Queries to find maximum product pair in range with updates in C++

C++Server Side ProgrammingProgramming

In this problem, we are given an array arr[] and Q queries. Each Query can be one of 2 types, 1st to find the maximum pair product in a given range [ Start - End ]. 2nd to update the ith index element with value. Our task is to create a program to solve Queries to find maximum product pair in range with updates in C++.

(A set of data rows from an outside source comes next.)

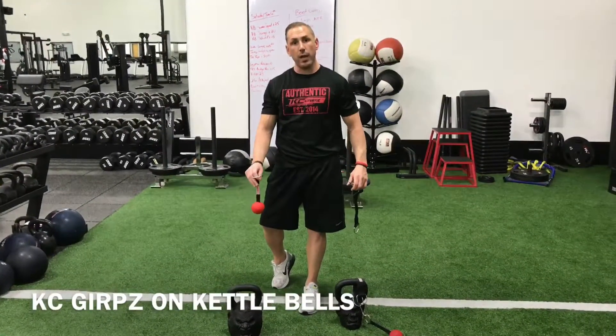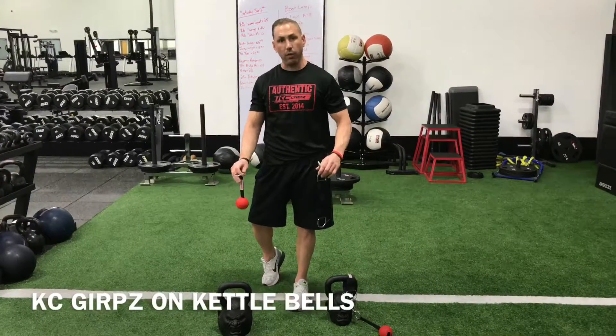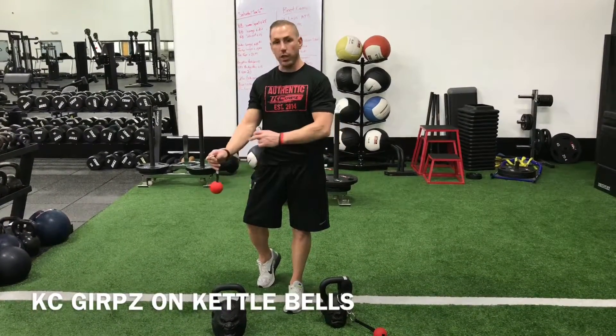Hey, what's up guys? Mike with KC Grips. Today I'm going to show you the setup and demonstrate how to use your KC Grips on kettlebells. Awesome exercise to do shoulder raises, farmer walks, and increase your grip strength while increasing your whole posterior chain.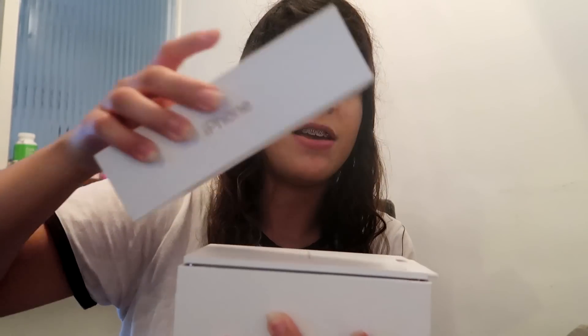Hey guys, welcome back to another video! Today I have something super exciting to show you — I have the new iPhone XS Max, which took me about 50 takes to properly say. Before I open it, I just wanted to say I already opened it, but I completely reset the phone and put a case on it. So it's basically like new again and we're gonna open it.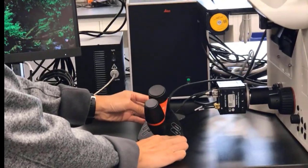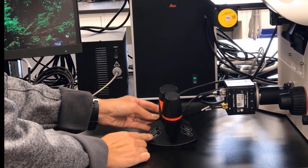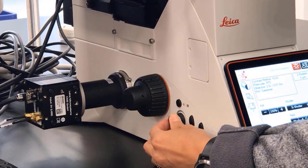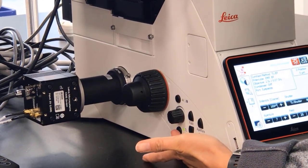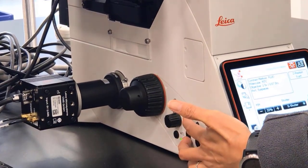On either side are buttons for the stage speed and the Z speed. On the left side of the microscope are controls for the light intensity, including shutter, light intensity knob, transmitted light and fluorescent light toggle, field diaphragm buttons, and an aperture diaphragm button.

Let’s take an example to understand the problem,

Input:arr = {4, 2, 6, 9, 1}

Q = 3

Q1 = [1, 1, 4]

Q2 = [2, 2, 3]

Q3 = [1, 0, 2]

Output: 54, 12

Explanation

For query 1, type 1: range = {2, 6, 9, 1}. Maximum product 6*9 = 54

For query 2, type 2: i = 2 , updated array arr[] = {4, 2, 3, 9, 1}

For query 3, type 1: range = {4, 2, 3}. Maximum product 4*3 = 12

Solution Approach

To solve the problem, we have a simple approach. Which is for every query of type one traverse the whole array and check every pair’s product and then find the maximum product pair amongst them.

Example

 Live Demo

#include <iostream>
using namespace std;
int max(int a, int b){
   if(a>b)
      return a;
      return b;
}
int findMaxProductPair(int arr[], int n, int start, int end){
   int maxProd = 0;
   for(int i = start; i <= end; i++){
      for(int j = i+1; j <= end; j++){
         maxProd = max(maxProd, (arr[i]*arr[j]));
      }
   }
   return maxProd;
}
int main(){
   int arr[] = {4, 2, 6, 9, 1, 5};
   int n = 6;
   int Q = 3;
   int query[Q][3] = {{1, 1, 4}, {2, 2, 3}, {1, 0, 2}};
   for(int i = 0; i < Q; i++){
      if(query[i][0] == 1){
         cout<<"The maximum product pair in the range is "<<findMaxProductPair(arr, n, query[i][1], query[i][2])<<"\n";
      }
      else if(query[i][0] == 2){
         cout<<"Updating values...\n";
         arr[query[i][1]] = query[i][2];
      }
   }
   return 0;
}

Output

The maximum product pair in the range is 54
Updating values...
The maximum product pair in the range is 12

This approach is good but to find the max product, we need to traverse the whole array that increases the time complexity.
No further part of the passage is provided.